Além disso, em atenção a regra fundamental de hermenêutica aplicável a normas restritivas de direito, não seria possível interpretar-se extensivamente a restrição contida na norma legal do artigo 11-A da Lei 11.445/2007. Dado que a limitação de 25% do valor do contrato foi imposta pela norma do caput apenas às hipóteses de subdelegação, não cabe ao interprete, por meio de interpretação ampliativa, entende-la aplicável também às parcerias público-privadas. Trata-se aqui de homenagear a clássica regra de interpretação segundo a qual normas de restrição a direitos apenas podem ser interpretadas restritivamente.

Não se argumente também que essa interpretação importaria tratar desigualmente objetos equivalentes, uma vez que as parcerias público-privadas podem conter delegação/sub-rogação, e, nestas específicas hipóteses, estariam compreendidas no conceito de subdelegação. O fato de a parceria público-privada conter (em certos casos) delegação da prestação do serviço – e, neste sentido, ser considerada um contrato de subdelegação – não impede que possa ter um tratamento normativo distinto de outras hipóteses de subdelegação. Isto é: ainda que se admita que a parceria público-privada possa importar em subdelegação, seus característicos próprios podem fundamentar tratamento singularizado de outras hipóteses para os fins daquela limitação. E essa foi a vontade da lei, retratada numa redação que nitidamente segregou as parcerias público-privadas, com ou sem delegação da prestação do serviço, do tratamento das (demais) hipóteses de subdelegação.

Não vejo, por isso, no tratamento singularizado das parcerias público-privadas no tocante à incidência do referido limite de 25%, qualquer prejuízo à coerência sistêmica da disciplina legal. Entendo que se deva extrair da regra do artigo 2º, III, do Decreto 10.710/2021 interpretação conforme a norma do caput do artigo 11-A da LNSB, excluindo-se as parcerias público-privada do conceito de subdelegação, para os fins da aplicação da regra do seu artigo 7º, § 4º.

 


[1] O tema já mereceu abordagem no artigo de minha autoria intitulado ”Apontamentos sobre o Decreto n. 10.710/2021 e a comprovação da capacidade econômico-financeira dos prestadores de serviço de saneamento básico para viabilizar a sua universalização” In "O Novo Direito do Saneamento Básico". Coord. Fernando Vernalha Guimarães. Belo Horizonte: Fórum, 2022, p. 167 a 192. O presente reproduz uma série de conclusões veiculadas no referido artigo.

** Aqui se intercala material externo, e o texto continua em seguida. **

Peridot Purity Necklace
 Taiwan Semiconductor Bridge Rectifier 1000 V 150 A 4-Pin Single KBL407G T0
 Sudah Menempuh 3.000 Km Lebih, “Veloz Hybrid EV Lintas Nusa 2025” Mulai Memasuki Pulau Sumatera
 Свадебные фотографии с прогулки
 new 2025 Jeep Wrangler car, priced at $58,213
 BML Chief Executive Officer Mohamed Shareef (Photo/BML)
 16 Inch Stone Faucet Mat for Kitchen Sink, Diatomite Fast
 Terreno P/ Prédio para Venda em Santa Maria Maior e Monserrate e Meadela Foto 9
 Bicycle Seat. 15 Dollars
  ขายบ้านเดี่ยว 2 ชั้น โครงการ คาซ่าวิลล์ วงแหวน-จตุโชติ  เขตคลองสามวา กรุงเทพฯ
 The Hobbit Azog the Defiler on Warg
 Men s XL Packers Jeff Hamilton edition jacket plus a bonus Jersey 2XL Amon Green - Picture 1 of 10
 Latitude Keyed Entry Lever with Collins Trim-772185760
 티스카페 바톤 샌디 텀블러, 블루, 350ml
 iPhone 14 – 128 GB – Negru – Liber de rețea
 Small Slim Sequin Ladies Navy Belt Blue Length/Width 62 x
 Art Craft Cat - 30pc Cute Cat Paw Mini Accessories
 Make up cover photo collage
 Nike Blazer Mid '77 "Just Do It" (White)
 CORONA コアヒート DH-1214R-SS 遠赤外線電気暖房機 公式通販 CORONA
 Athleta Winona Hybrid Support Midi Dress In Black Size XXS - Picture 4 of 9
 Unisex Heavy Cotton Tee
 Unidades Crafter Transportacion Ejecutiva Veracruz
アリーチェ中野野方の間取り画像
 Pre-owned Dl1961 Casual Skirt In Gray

[2] GUIMARÃES, Fernando Vernalha. Parceria Público-Privada, 2ª. ed. São Paulo: Saraiva, 2013, p. 179. Talvez se possa dizer que arranjos desta espécie não se configuram como verdadeiros contratos de delegação, mas como contratos de colaboração.

[3] GUIMARÃES, Fernando Vernalha. Concessão de serviço público, 2ª. ed. São Paulo: Saraiva, 2014, p. 68.

[4] Nas palavras de Carlos Ari Sundfeld, "a concessão administrativa de serviços ao Estado é a que tem por objeto os mesmos serviços a que se refere o art. 6º da Lei de Licitações, isto é: o oferecimento de utilidades à própria Administração, que será havida como usuária direta dos serviços e versará a correspondente remuneração. Quanto a estes aspectos a concessão administrativa de serviços ao Estado aproxima-se do contrato administrativos regidos pela Lei de Licitações". "Guia Jurídico das Parcerias Público-Privadas", In: Parcerias Público-Privadas (coord. Carlos Ari Sundfeld), 2ª. ed. São Paulo: Malheiros, 2011, p. 32.

[5] No contexto da prestação dos serviços de saneamento, por exemplo, tem sido comum a celebração de concessões administrativas por companhias estaduais, cujo objeto é constituído por prestações e serviços diversos relacionados ao esgotamento sanitário, sem que haja a transferência da sua posição jurídica de delegatária da prestação. Este conjunto de serviços e atividades é prestado pelo parceiro privado diretamente à companhia estadual, mantendo esta posição jurídica própria perante os usuários e o poder concedente. Concessões administrativas desta natureza não importam na transferência da atividade-fim do serviço público, assemelhando-se, neste aspecto, a contratos administrativos ordinários de prestação de serviços.